CNC routers are controlled by a computer. Coordinates are uploaded into the machine controller from a separate program. CNC router are often used with two software applications—one to make designs (CAD) and another to translate those designs into a G-code or M-code program of instructions for the machine (CAM) in vertical, horizontal and perpendicular coordinates. As with CNC milling machines, CNC routers can be controlled directly by manual programming, but CAD/CAM allows wider possibilities for contouring, speeding up the programming process and in some cases creating programs whose manual programming would be impractical.

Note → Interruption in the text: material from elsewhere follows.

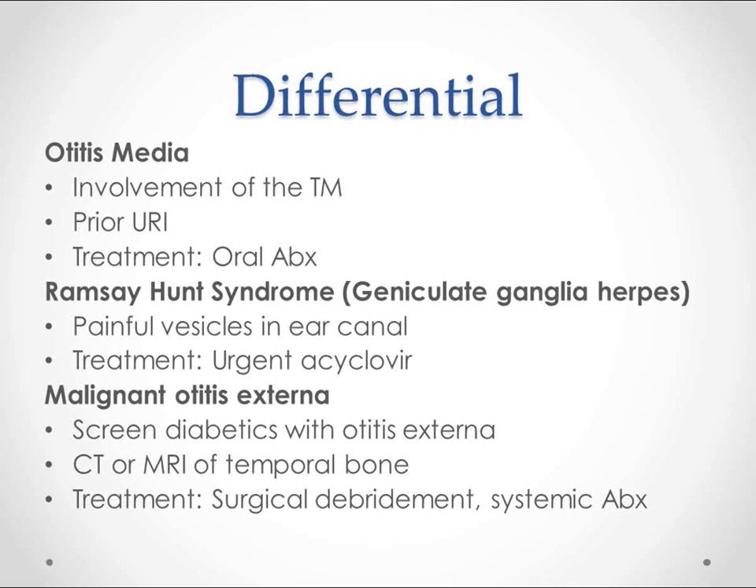To prevent Ramsay Hunt in older patients, make sure they're getting Zostavax. Malignant otitis externa is basically a really bad swimmer's ear where the infection is spreading into the bone. The patients to watch for this in are diabetics who have had a bad otitis externa. We'll get a CT or MRI — especially of the temporal bone — and if it is involving the bone, we have to surgically debride after a trial of systemic antibiotics.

On some controllers the G-code can be loaded as a vector file on the router control panel. A vector file can be created from a picture file by using a drawing (CAD) software.

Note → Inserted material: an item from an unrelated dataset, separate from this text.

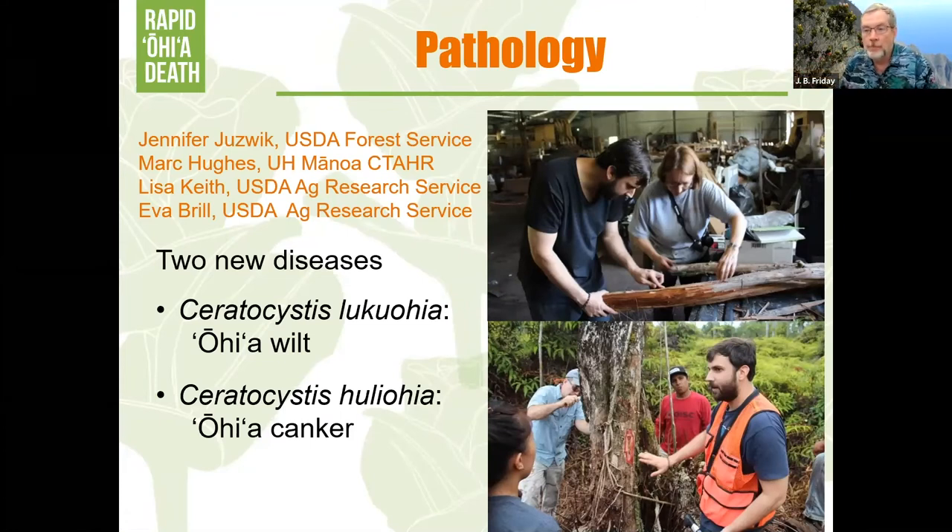The two different pathogens cause two different diseases. Lukuohia causes a wilt disease, which destroys the vascular system so the tree gets no water. Huliohia causes a canker, where the fungus grows under the bark, eventually girdling and killing the tree. The pathology has really been worked out by Mark Hughes and Jenny Juzwick, a forest pathologist who studies Ceratocystis diseases on the mainland on oak trees, butternut, and other trees, bringing that knowledge to explain how these diseases work and move.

The human operator selects the machine tool (such as a -inch (6-MM) v-bit or a -inch core box bit), speed, cut depth and tool path. For cut path, most machines give the options of tracing the vectors, cutting outside the vectors, or cutting inside the vectors. The operator determines the center point of the part, clamps the part onto the table, moves the bit directly above the marked center and down to the face of the part, and marks this as the starting point. The operator moves the bit up a few inches and selects the run G-code function. The machine begins to cut the design.

==Computer-aided manufacturing==
CAM software makes the CAD drawing/design into a code called G-code. The illustration shows what a bare-bones CNC machine might look like without its computer controller.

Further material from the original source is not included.